Merger activity increased last week with one new deal announced and four pending deals closing. The biggest news related to M&A came over the weekend, when the Committee on Foreign Investment in the United States (CFIUS) completed its review of the Genworth (GNW) acquisition in the midst of a growing trade war. The market had pretty much assumed this deal would get blocked by CFIUS and this was reflected by the fat spread on the deal, which had increased to over 100% in April as you can see from the chart below. The trend in the spread over the last month was probably the canary in the coal mine regarding the prospects of this deal. I expect the spread to narrow significantly on Monday but it is not a done deal yet as it requires other regulatory approvals before the deal can close.
You can find all the active deals listed below in our Merger Arbitrage Tool (MAT) that automatically updates itself during market hours.

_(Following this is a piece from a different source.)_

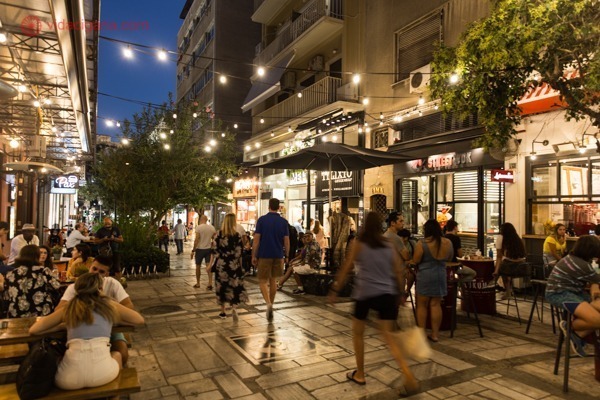 Uma rua bem movimentada de Atenas, com muitos restaurantes, mesas, pessoas sentadas e outras caminhando. Muitas luzes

The acquisition of AV Homes (AVHI) by Taylor Morrison Home Corporation (TMHC) for $963 million. Under the terms of the agreement, AV Homes stockholders will have the option to receive, at their election, consideration per share equal to (i) $21.50 in cash, (ii) 0.9793 shares of Taylor Morrison Class A common stock or (iii) the combination of $12.64 in cash and 0.4034 shares of Taylor Morrison Class A common stock, subject to an overall proration of approximately 60% cash and 40% stock. We have added this as an all cash deal.
Deal Updates:
On June 4, 2018, AmTrust Financial Services (AFSI) announced that it intends to adjourn to June 21, 2018, the Special Meeting to be held to approve the adoption of the merger agreement between the Company and Evergreen Parent.
On June 6, 2018, XL Group (XL) announced that its common shareholders have approved an agreement for AXA to acquire 100% of XL Group.
On June 6, 2018, Marathon Petroleum Corporation (MPC) and Andeavor (ANDV) completed the submission of their pre-merger notification filings under the Hart-Scott-Rodino Antitrust Improvements Act of 1976 and also submitted applications for approval of the merger to the Competition Bureau of Canada. The parties continue to expect the transaction to close in the second half of 2018, subject to customary closing conditions including regulatory and shareholder approvals.
On June 6, 2018, TriCo Bancshares (TCBK) and FNB Bancorp (FNBG) announced the receipt of regulatory approval from the Board of Governors of the Federal Reserve System to move forward with the merger of FNB with and into TriCo. The closing of the merger transactions is scheduled for July 6, 2018.
On June 6, 2018, AmTrust Financial Services (AFSI) announced that it has entered into an amendment to the merger agreement with Evergreen Parent. Under the terms of the amended agreement, Evergreen will acquire the approximately 45% of the Company’s shares of common stock that the Karfunkel-Zyskind Family and certain of its affiliates and related parties do not already own or control for $14.75 per share in cash. This represents an increase of $1.25 per share, or 9.3%, in cash consideration to AmTrust public stockholders.
On June 7, 2018, Brookfield Property Partners (BPY) announced that in connection with BPY’s previously announced agreement to acquire GGP (GGP), Brookfield Asset Management, has provided the Toronto Stock Exchange with written consent confirming that it is in favor of the Transaction.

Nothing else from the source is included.